> ASSIGNMENT:
Each line in the material below, starting at the one that contains "Bp. Rib Long" and ending at the one that contains "Cápsulas de Vinagre", should be repeated exactly; the pictures should not.

> TASK MATERIAL:
▬▬▬▬▬▬▬▬▬▬

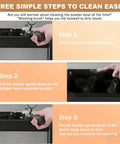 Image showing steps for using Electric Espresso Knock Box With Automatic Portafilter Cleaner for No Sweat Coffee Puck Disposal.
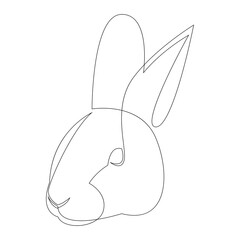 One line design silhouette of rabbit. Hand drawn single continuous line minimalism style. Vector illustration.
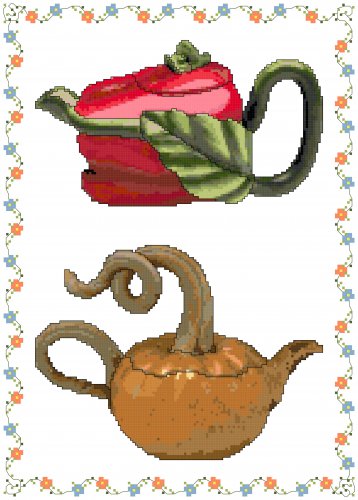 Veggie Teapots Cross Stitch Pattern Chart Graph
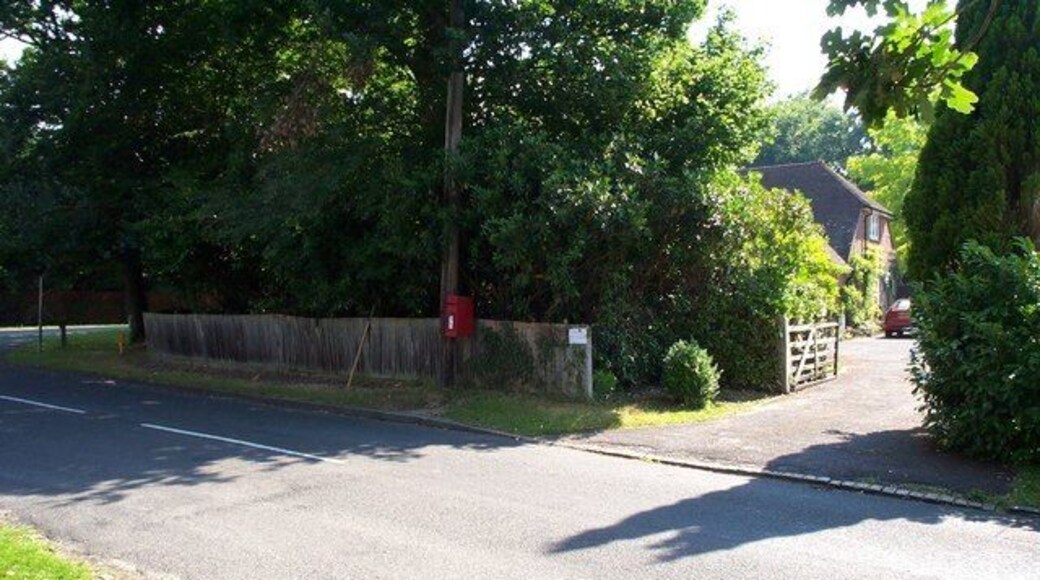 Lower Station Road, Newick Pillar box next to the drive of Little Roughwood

▬▬▬▬▬▬▬▬▬▬

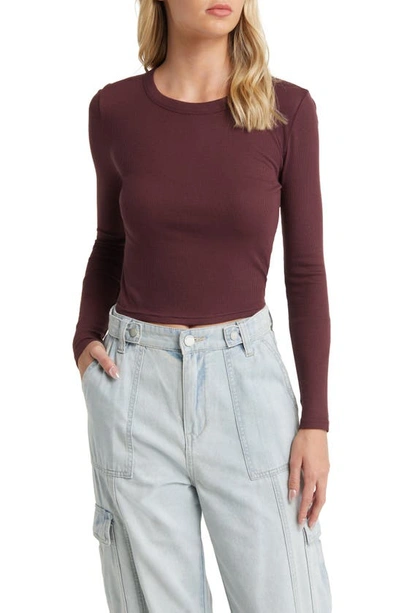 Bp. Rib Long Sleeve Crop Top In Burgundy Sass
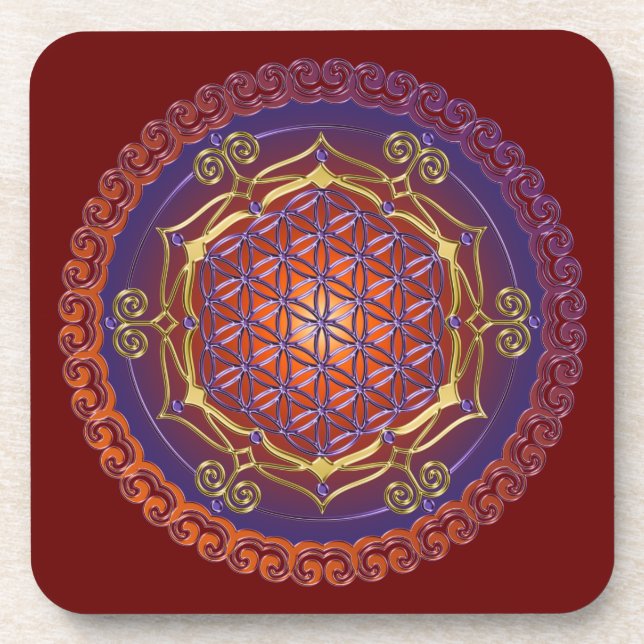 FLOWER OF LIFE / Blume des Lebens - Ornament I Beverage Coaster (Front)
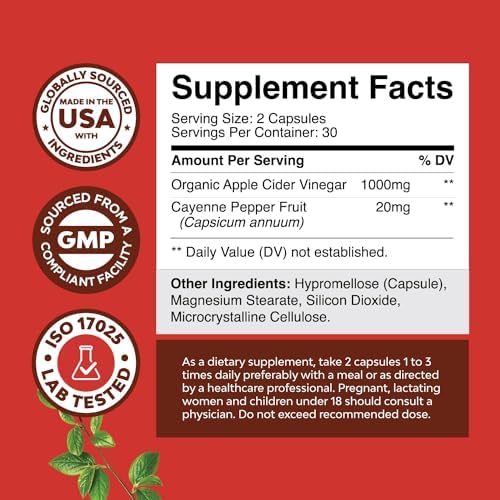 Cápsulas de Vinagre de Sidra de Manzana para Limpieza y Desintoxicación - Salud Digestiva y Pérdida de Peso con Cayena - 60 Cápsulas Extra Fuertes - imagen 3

▬▬▬▬▬▬▬▬▬▬

> EXERCISE OUTPUT:
 Bp. Rib Long Sleeve Crop Top In Burgundy Sass
 FLOWER OF LIFE / Blume des Lebens - Ornament I Beverage Coaster (Front)
 Cápsulas de Vinagre de Sidra de Manzana para Limpieza y Desintoxicación - Salud Digestiva y Pérdida de Peso con Cayena - 60 Cápsulas Extra Fuertes - imagen 3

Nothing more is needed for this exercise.